# Consistency over time

Over a week (02.06.2017 - 09.06.2017) each day I did a snapshot of renovation votes dataset. During this week voting was going and figures are still not final yet (voting ends at 15.06.2017). So each snaphot captures subsequent intermidiate voting figures. Idea behind this notebook is to check how consistent are changes in those figures. For example one can expect that attendance for house either will stay the same or grow, but won't drop.

In [1]:
%matplotlib inline

import json
import pandas as pd
import numpy as np
import seaborn as sns
from haversine import haversine

Read and merge datasets.

In [2]:
days = [2, 4, 5, 6, 7, 8, 9]
l = []
for i in days:
    with open('../data/renovation_votes_{}0617.json'.format(str(i).rjust(2,'0'))) as file:    
        data = json.load(file)
    for building in data:
        card_fields = building['card_fields']
        l.append({'area_name': card_fields['area_name'],
                  'district_name': card_fields['district_name'],
                  'name': card_fields['name'],
                  'vote_against': card_fields['result']['protiv'],
                  'vote_for': card_fields['result']['za'],
                  'vote_attendance': card_fields['result']['yavka'],
                  'updated_at': card_fields['updated_at'],
                  'center_lat': building['center']['coordinates'][0],
                  'center_lon': building['center']['coordinates'][1]})
df = pd.DataFrame(l)
df['vote_against'] = df.vote_against * 0.01
df['vote_for'] = df.vote_for * 0.01
df['vote_attendance'] = df.vote_attendance * 0.01
df['june_day'] = df.updated_at.apply(lambda x: int(x[:2]))
df.shape

(31822, 10)

Show sample of data.

In [3]:
df.tail()

Unnamed: 0,area_name,center_lat,center_lon,district_name,name,updated_at,vote_against,vote_attendance,vote_for,june_day
31817,Бабушкинский,55.861982,37.668428,СВАО,"улица Искры, дом 7",9.06,0.06,0.57,0.94,9
31818,Южное Тушино,55.849816,37.448227,СЗАО,"Химкинский бульвар, дом 11",9.06,0.19,0.52,0.81,9
31819,Марфино,55.82745,37.601244,СВАО,"Ботаническая улица, дом 17",9.06,0.17,0.68,0.83,9
31820,Останкинский,55.816973,37.630957,СВАО,"улица Цандера, дом 4, корпус 1",9.06,0.21,0.63,0.79,9
31821,Можайский,55.720121,37.395743,ЗАО,"улица Говорова, дом 14, корпус 3",9.06,0.08,0.81,0.92,9


First let's check if there are occasions when percent of attendance has dropped. It turns out there are three such records (in grid below). Attendance should be incremental and can't drop. Existance of such records suggests that this data is invalid for some reason.
Note, '_nextday' column syffix means measurement is from next snapshot after day mentioned in 'updated_at_day'.

In [4]:
dfs = []
for day, nday in zip(days[:-1], days[1:]):
    m = df[df.june_day == day].merge(df[df.june_day == nday], 
                                 on=['name', 'area_name', 'district_name'], 
                                 suffixes=('_day', '_nextday'))
    dfs.append(m[(m.vote_attendance_nextday - m.vote_attendance_day) < 0])
pd.concat(dfs)[['area_name', 
                'district_name', 
                'name', 
                'updated_at_day', 
                'updated_at_nextday',
                'vote_against_day',
                'vote_against_nextday',
                'vote_for_day',
                'vote_for_nextday',
                'vote_attendance_day',
                'vote_attendance_nextday']]    

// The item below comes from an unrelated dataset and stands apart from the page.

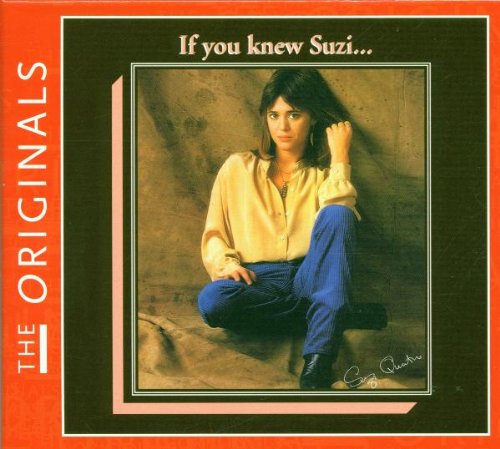 Suzi Quatro - If You Knew Suzi - Zortam Music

Unnamed: 0,area_name,district_name,name,updated_at_day,updated_at_nextday,vote_against_day,vote_against_nextday,vote_for_day,vote_for_nextday,vote_attendance_day,vote_attendance_nextday
910,Чертаново Южное,ЮАО,"улица Газопровод, дом 6Г, корпус 3",2.06,4.06,0.0,0.0,1.0,1.0,1.0,0.75
3622,Соколиная Гора,ВАО,"5-я улица Соколиной Горы, дом 21, корпус 1",2.06,4.06,0.0,0.0,1.0,1.0,1.0,0.92
2699,Северное Измайлово,ВАО,"5-я Парковая улица, дом 57, корпус 1",5.06,6.06,0.2,0.18,0.8,0.82,0.56,0.55


It turns that changes in attendance figures are enough to calculate limits of how vote percentages can change. For example if we now that on particular day attendance is 40% and 20% of people have voted against, and we see that day after attendance became 45%, we can expect (by applying some math) that against percentage will be somewhere between 16% and 35%. So here I will check if voting figures match such expectation. 

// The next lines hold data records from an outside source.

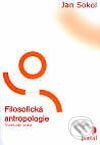 Kniha: Filosofická antropologie (Jan Sokol). Portál, 2002 Kniha: Filosofická antropologie (Jan Sokol). Portál, 2002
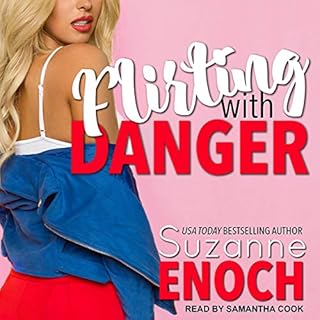 Flirting with Danger Audiobook By Suzanne Enoch cover art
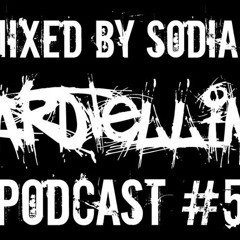 Hardtellina Podcast #5 Mixed By Sodiak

It turns out that there are 77 records that violate this rule... Again it should indicated that data is invalid for some reason.

Couple of notes:
1. In formula I take care of the fact that voting figures are obviously rounded.
2. Records are sorted by decreasing extent at which they violate this rules.
3. 'vote_against_low' and 'vote_against_high' columns show in what range 'vote_against_nextday' should be.
4. First table shows records where against percentage is less than expected, second table (of 1 record) where it is more than expected.

In [5]:
against_too_low = []
against_too_high = []
for day, nday in zip(days[:-1], days[1:]):
    m = df[df.june_day == day].merge(df[df.june_day == nday], 
                                 on=['name', 'area_name', 'district_name'], 
                                 suffixes=('_day', '_nextday'))
    m = m[(m.vote_attendance_nextday - m.vote_attendance_day) >= 0.02]
    m['vote_against_low'] = np.floor((m.vote_against_day - 0.01) * 
                                     (m.vote_attendance_day - 0.01) / 
                                     (m.vote_attendance_nextday + 0.01) * 100) / 100
    m['vote_against_high'] = np.ceil(((m.vote_against_day + 0.01) * 
                                      (m.vote_attendance_day + 0.01) + 
                                      (m.vote_attendance_nextday + 0.01) - 
                                      (m.vote_attendance_day - 0.01)) / 
                                      (m.vote_attendance_nextday - 0.01) * 100) / 100
    against_too_low.append(m[m.vote_against_low > m.vote_against_nextday])
    against_too_high.append(m[m.vote_against_high < m.vote_against_nextday])
   
against_too_low = pd.concat(against_too_low)
against_too_low['vote_against_diff'] = m['vote_against_low'] - m['vote_against_nextday']
against_too_high = pd.concat(against_too_high)
against_too_high['vote_against_diff'] = m['vote_against_nextday'] - m['vote_against_high']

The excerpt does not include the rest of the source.